- [WORK TASK]
Every line of the data below is to be given again as it appears, with the images removed.

- [DATA EXTRACT]
== Segment start ==

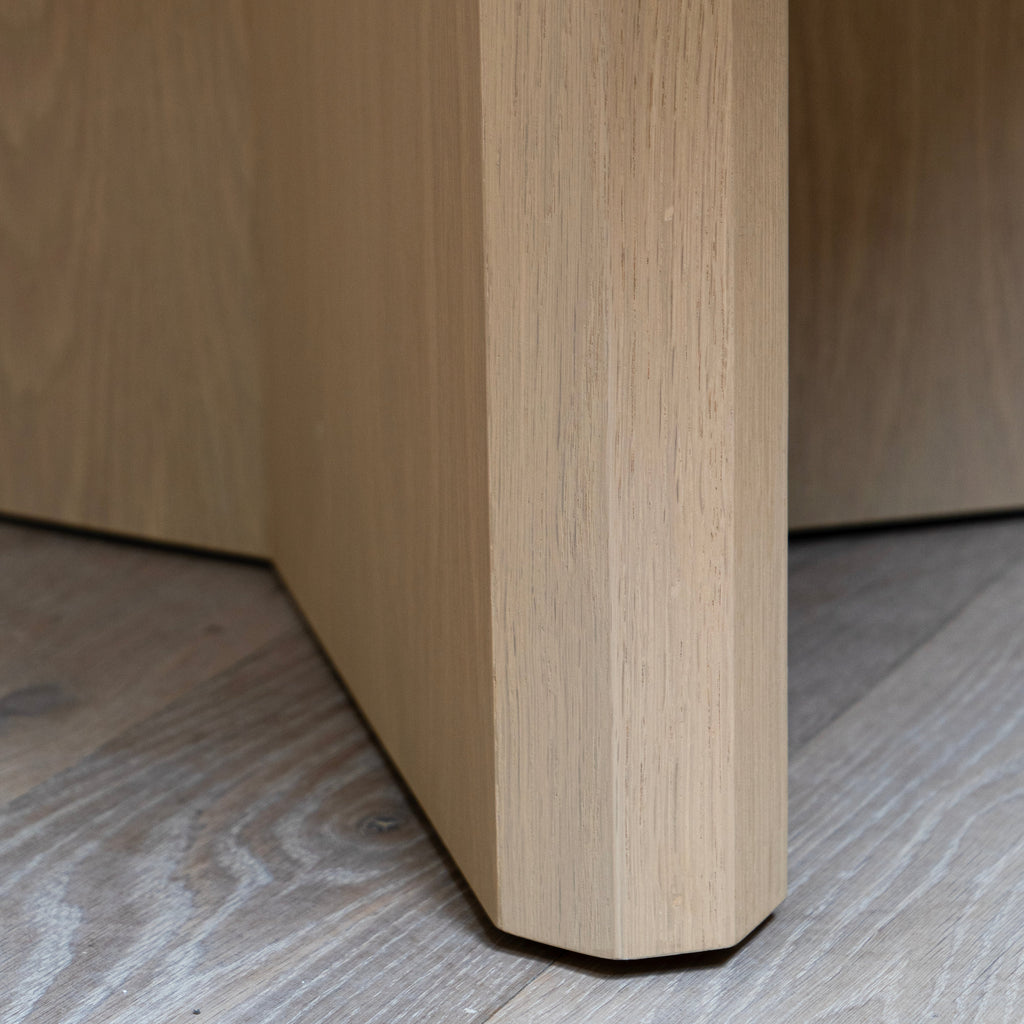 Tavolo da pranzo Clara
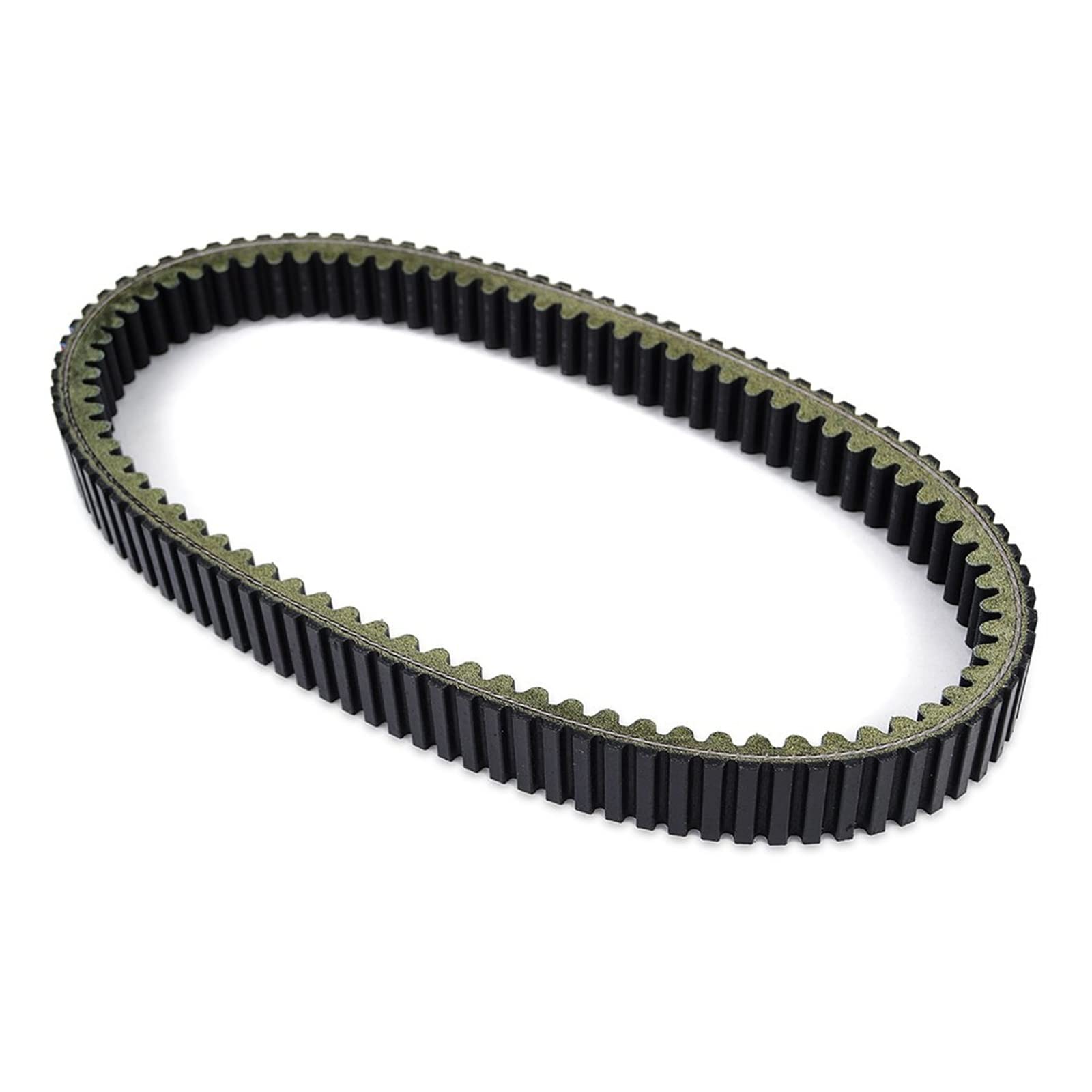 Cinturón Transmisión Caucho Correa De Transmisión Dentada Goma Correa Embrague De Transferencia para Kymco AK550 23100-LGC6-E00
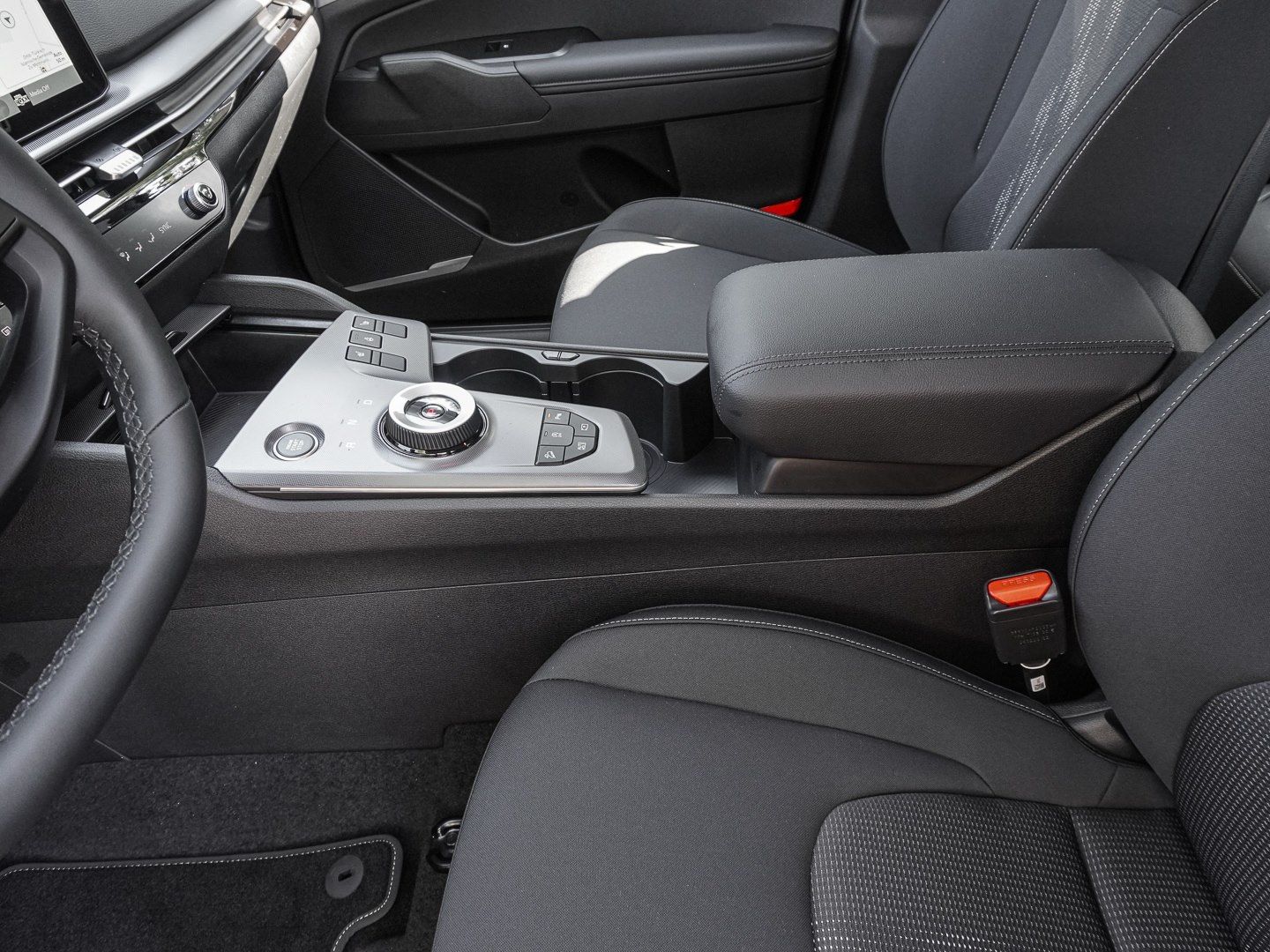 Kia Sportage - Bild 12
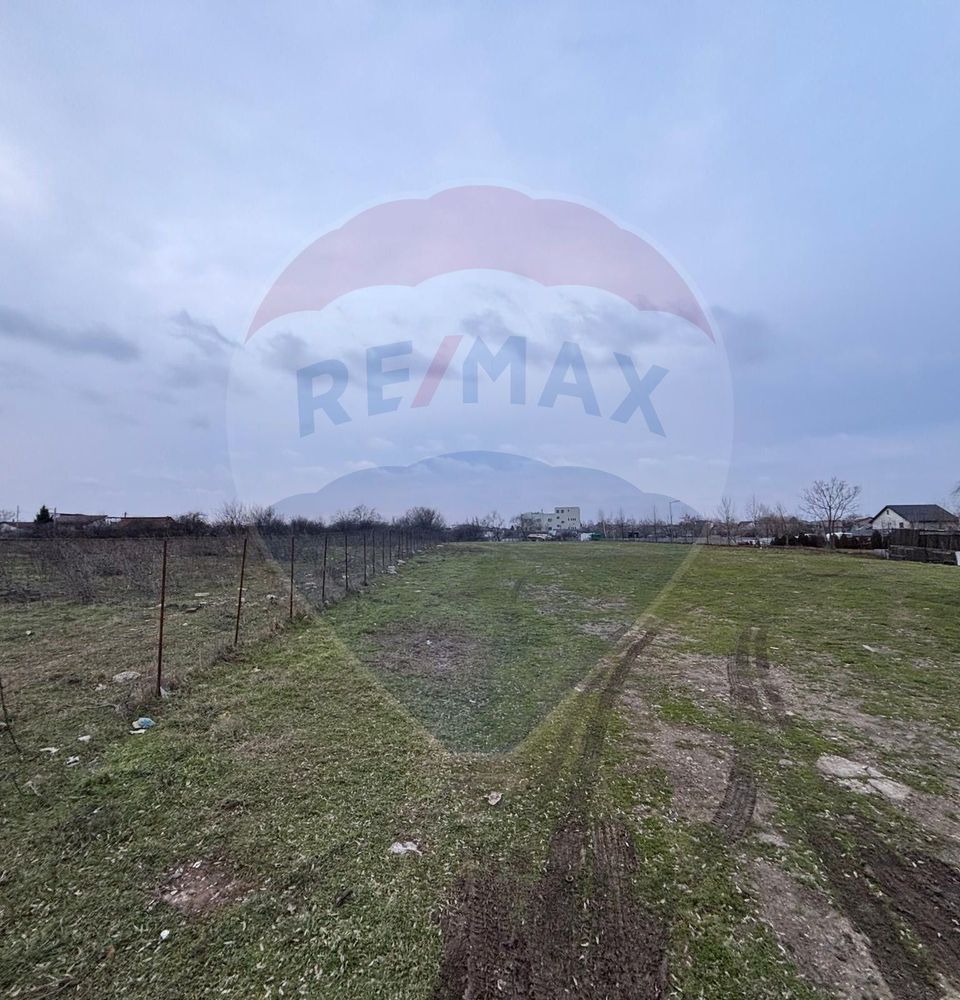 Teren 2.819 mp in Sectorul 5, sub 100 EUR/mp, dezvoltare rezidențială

== Segment end ==

- [SOLUTION]
 Tavolo da pranzo Clara
 Cinturón Transmisión Caucho Correa De Transmisión Dentada Goma Correa Embrague De Transferencia para Kymco AK550 23100-LGC6-E00
 Kia Sportage - Bild 12
 Teren 2.819 mp in Sectorul 5, sub 100 EUR/mp, dezvoltare rezidențială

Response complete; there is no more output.